THE KAERU KID: A most righteous town

bioline_KaeruKidI wrote about an Affordable Travel Club host couple who asked me about my concentration camp experience during World War II in the Dec. 4, 2014 issue of the Nichi Bei Weekly: “While we were getting acquainted, they told me about a Japanese American family in Washington state that was not imprisoned in a concentration camp during World War II because the town vouched for them. I later made a trip there to investigate this claim, which I’ll write about in a future column.”

This is that “future column.”

While I once thought that this would be part of a longer travel story about my “Great Northwest Adventure,” I realize now it exemplified important history worthy of its own attention.

From the home of my Affordable Travel Club hosts in Spokane, Wash., I drove the 90 miles to Metaline Falls, a tiny town of 250 people where this story is centered. There lived the Japanese American family I had heard about, whose fascinating story I wanted to verify. They had not had to enter a concentration camp during World War II because their town had vouched for their fidelity (http://kac.douglassclan.com/homefront.html).  Unfortunately, the patriarch of the family, George Kubota Sr., was deceased, but I was able to speak with his son, George Jr.

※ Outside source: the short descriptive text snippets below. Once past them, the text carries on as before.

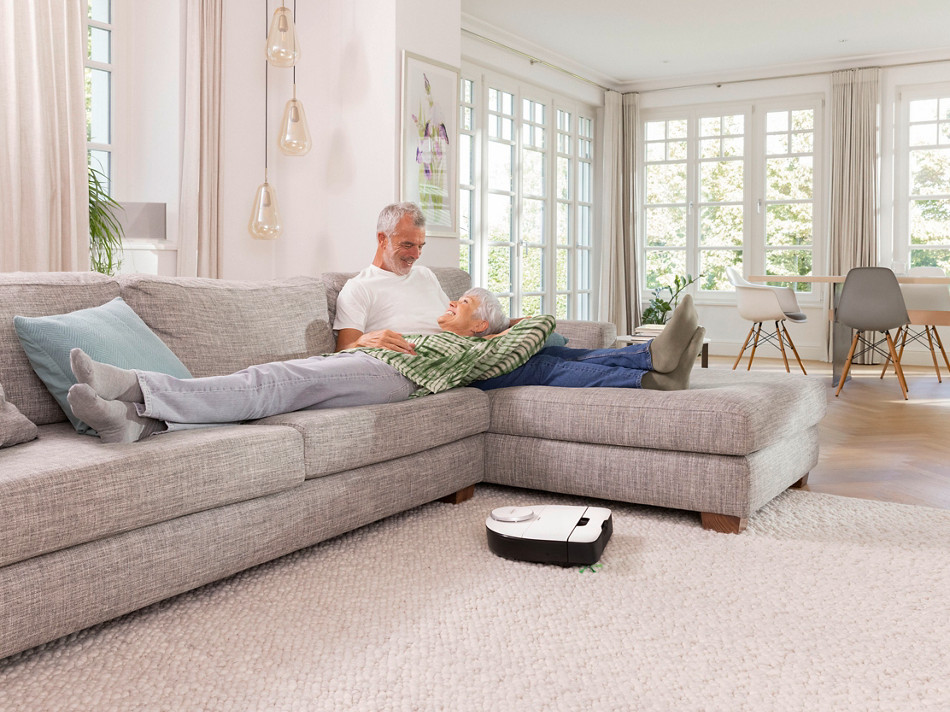 Le robot aspirateur VR300 qui nettoie à votre place 
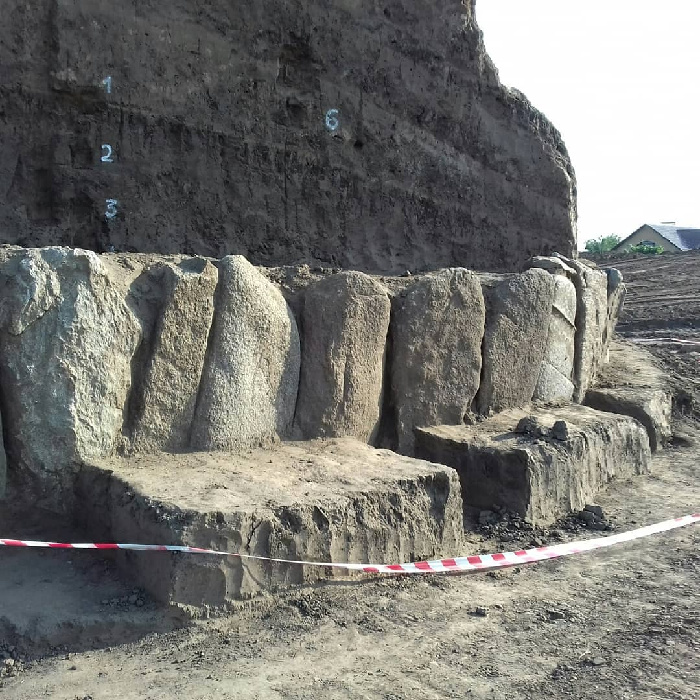 В Новоалександровке Днепропетровской области, Украина, обнаружено место древнего поселения эпохи неолита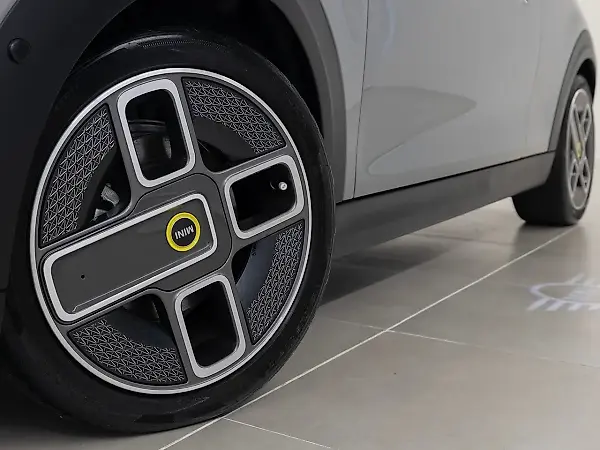 Mini Cooper SE - Imagem 14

We met at the family’s hardware store, Metaline Trading Company, and I heard the fascinating details of what had happened to them. To set the context of the times, you need to know that President Franklin D. Roosevelt’s Executive Order 9066 issued Feb. 19, 1942, allowed regional military commanders to designate military areas to exclude anyone of Japanese ancestry from California, Washington, Oregon, and part of Arizona

The younger Kubota said his family, and his uncles who lived in Newport, Wash. and outside of Spokane, were far enough from the coast and thus outside the exclusion zone. However, the military could also designate areas outside the exclusion zone as being of strategic importance and thus remove those of Japanese ancestry in any newly classified area. Metaline Falls had mines producing zinc and lead as well as two hydroelectric generators, so it was of strategic importance. Not only did the Kubota family escape this automatic resettlement, they also overcame a questionable decision.

Local hunters depended on the Kubota family’s hardware store for their ammunition and gun purchases. Yet, all foreign nationals were supposed to surrender their arms and ammunition to the FBI. Rather than lose his precious stock and future income, the elder Kubota hid them. Someone in town reported him to the FBI, and even though it was a small cache, he was imprisoned in Spokane. Fortunately, the editors of the Metaline and nearby Newport newspapers, as well as the majority of the residents, vouched for his loyalty. Amazingly, the FBI released him.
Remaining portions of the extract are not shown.